Unwelcome Welcome: A nuclear consortium has the NRC's green light, regardless of New Mexicans' objections
By Amy Williams
Albuquerque Tribune
May 28, 2004


The idea that a financially troubled, foreign, nuclear consortium whose members have a deplorable environmental past, whose technology has shown up in the hands of terrorist nations, and which has been roundly rejected by citizens of two other U.S. states, would get a free pass to build a uranium enrichment facility in New Mexico seems implausible in this enlightened age, right? Maybe not.

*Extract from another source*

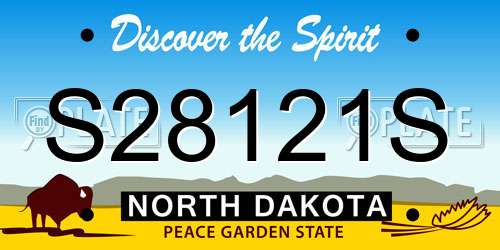 S28121S North Dakota License Plate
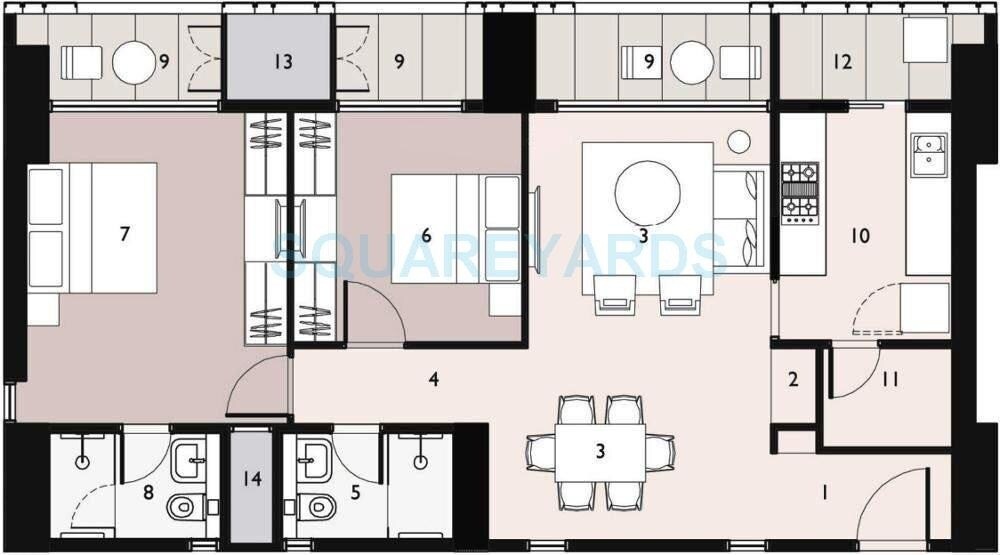 Floor plan of 2 BHK 763 Sq. Ft. Apartment in Lodha Enchante, Mumbai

At least not if the staff of our own federal agency, the Nuclear Regulatory Commission (NRC), has its way. Earlier this month, staff attorneys for the NRC recommended against allowing the citizens of New Mexico - through our state Attorney General's office and Environment Department - to raise these and other concerns regarding a proposed uranium enrichment facility to be built in Lea County by the foreign consortium Urenco. Not to be outdone, Urenco itself asked the agency to rule against allowing two citizens' groups, who represent their members living near the facility, to raise similar concerns in a formal process, called an intervention, provided for under federal law.

How can this be? Apparently, the NRC has such an awesome 'say-so' over all things nuclear that even our own Governor - who, as former U.S. Energy Secretary is an authority on such matters - cannot get a hearing on issues regarding the health and safety of New Mexicans. Apparently the NRC staff, most of whom reside in and around Washington, D.C., are more interested in licensing these facilities than the concerns of those of us who eat, drink and breathe in proximity to them.

Case in point: If the NRC staff has its way, Urenco will be allowed to build a facility in the Land of Enchantment that will, over 30 years, create a mountain of radioactive waste that no facility in this country - in existence or even on the drawing boards - is licensed to accept. The NRC would also dismiss the question of whether the consortium would even be financially capable of safely dealing with the waste in light of published reports, including a London Observer article, that one of the consortium members, British Nuclear Fuels, Ltd (BNFL), is teetering on the verge of bankruptcy. This is nothing to take lightly given that BNFL is the proud owner of the Sellafield nuclear facility in the United Kingdom, which remains operational and continues to create a toxic mess that will require cleanup well into the future.

Also on the NRC's cutting room floor are concerns about groundwater contamination and security. Groundwater contamination has plagued the host city of a similar facility in Paducah, Kentucky. Moreover, widely published reports, including an article in Time Magazine, indicate Urenco's security is so bad they have supplied nuclear technology to an A-list of terrorist states, including North Korea, Iran, Iraq and Pakistan.

Former House Speaker Tip O'Neill once said that "all politics is local." During the past ten years, the citizens of Louisiana, followed by those of Tennessee, proved this adage true by insisting on answers to some of these same questions when Urenco proposed to build this facility in their states. Hearing none, they sent the company and the federal agency packing. It is time for all New Mexicans to either get the respect and the answers we deserve - or do the same.

Williams is a coordinator with Concerned Citizens for Nuclear Safety of Santa Fe. She wrote this column for the New Mexico Editorial Forum.